= Work order =
Copy each line, word for word, from the one with "Rue Industrielle" through the final line of the listing, but skip the pictures.

==== Given entries

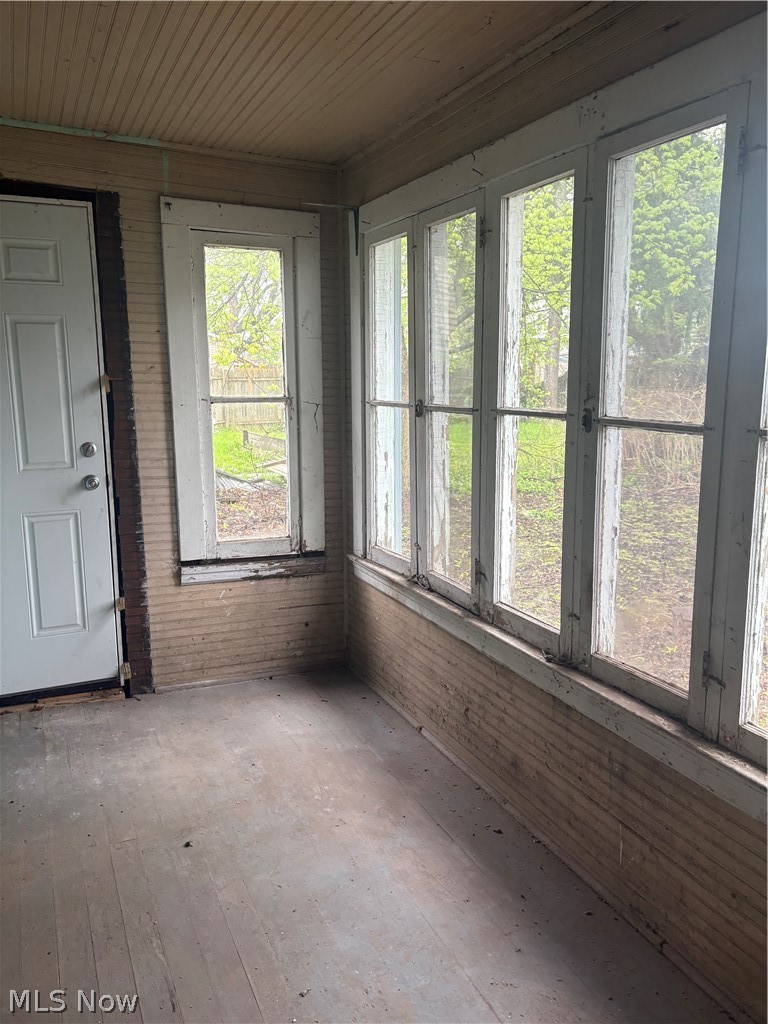 889 Harbor Street Conneaut OH 44030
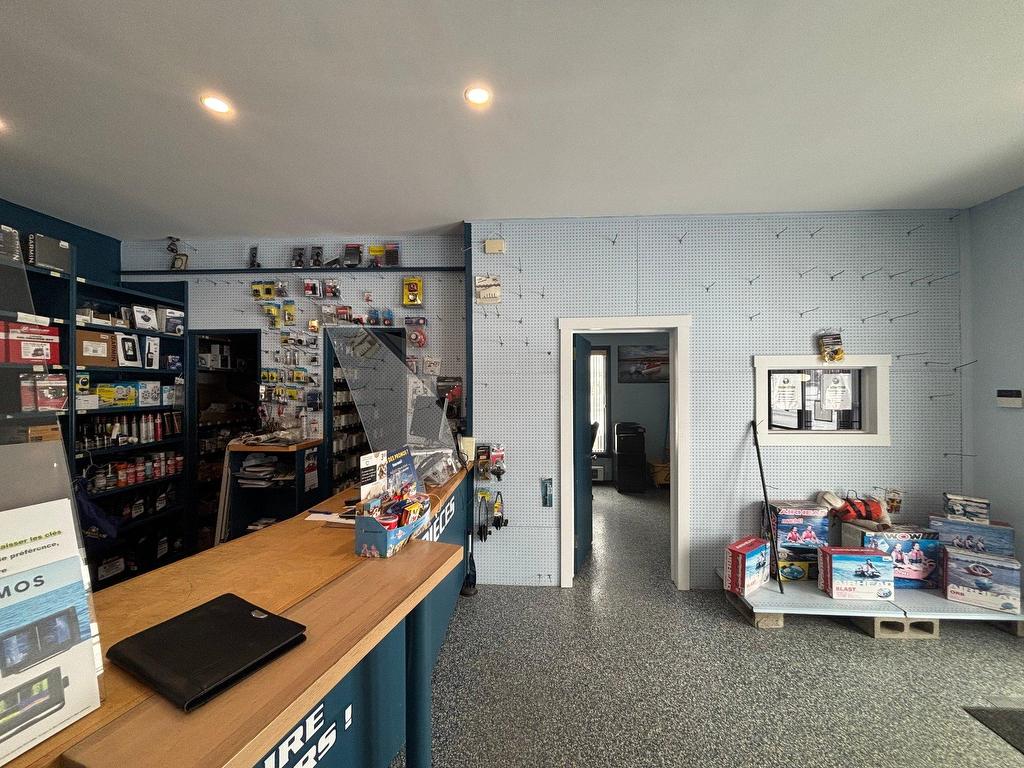 









8425


Rue Industrielle

,
Sorel-Tracy,




QC
J3R5R4

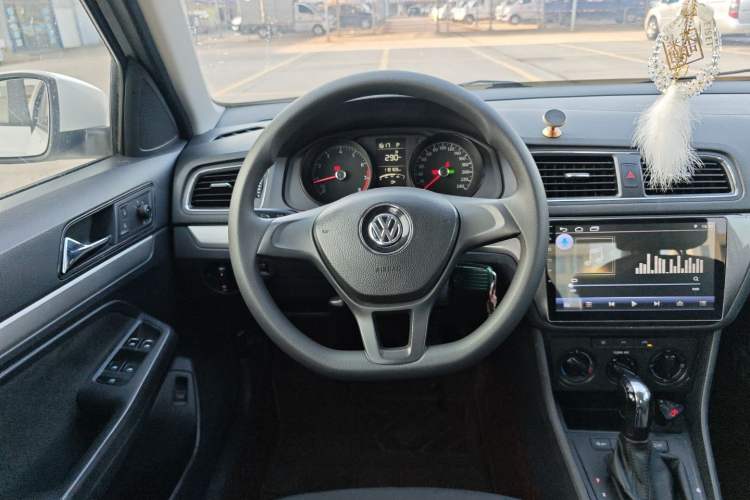 Used Volkswagen Lavida 2018 Classic 1.5L Automatic Fashion Edition China VI Standard
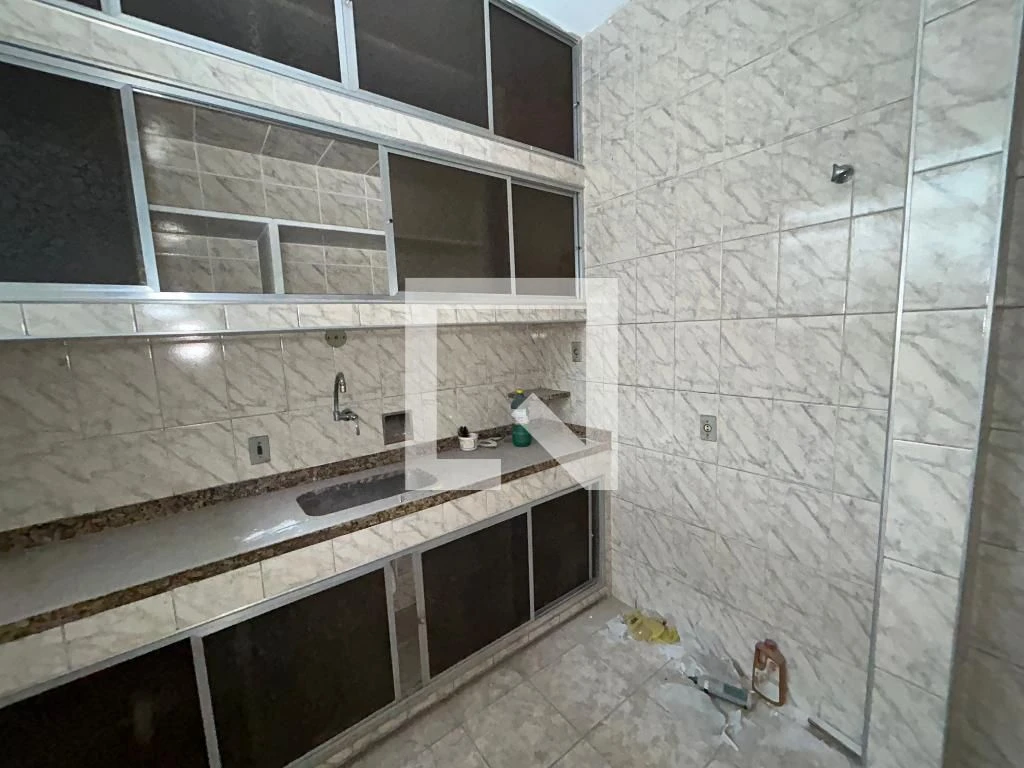 Unfurnished apartment with 2 bedrooms and separate kitchen — photo 24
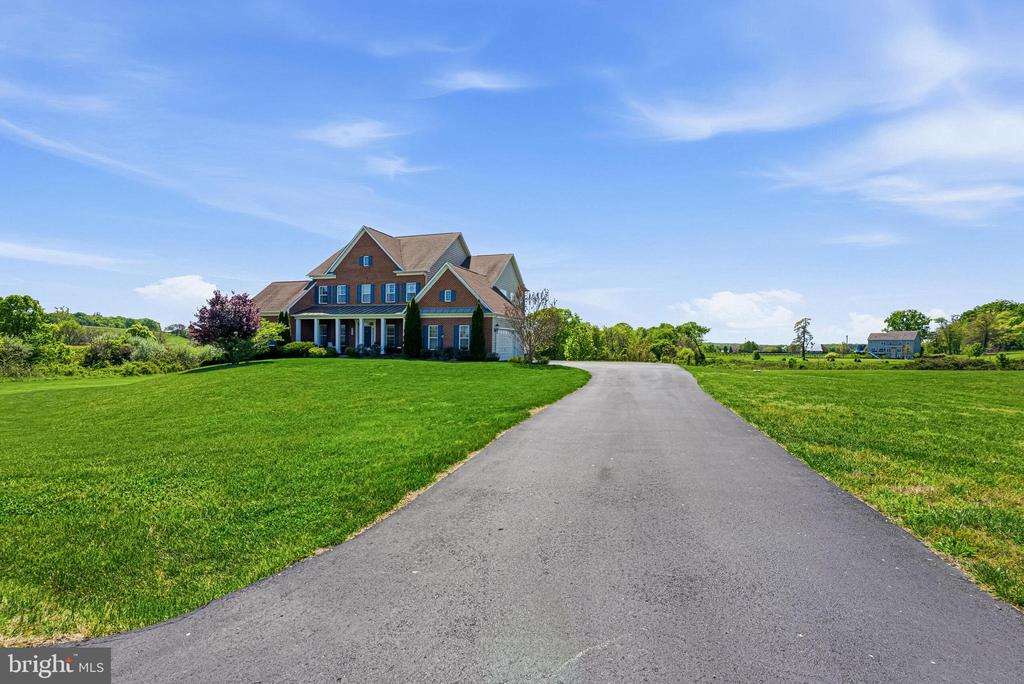 42761 PRAIRIE MERLIN COURT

========

= Answer to the problem =
Rue Industrielle

,
Sorel-Tracy,




QC
J3R5R4

 Used Volkswagen Lavida 2018 Classic 1.5L Automatic Fashion Edition China VI Standard
 Unfurnished apartment with 2 bedrooms and separate kitchen — photo 24
 42761 PRAIRIE MERLIN COURT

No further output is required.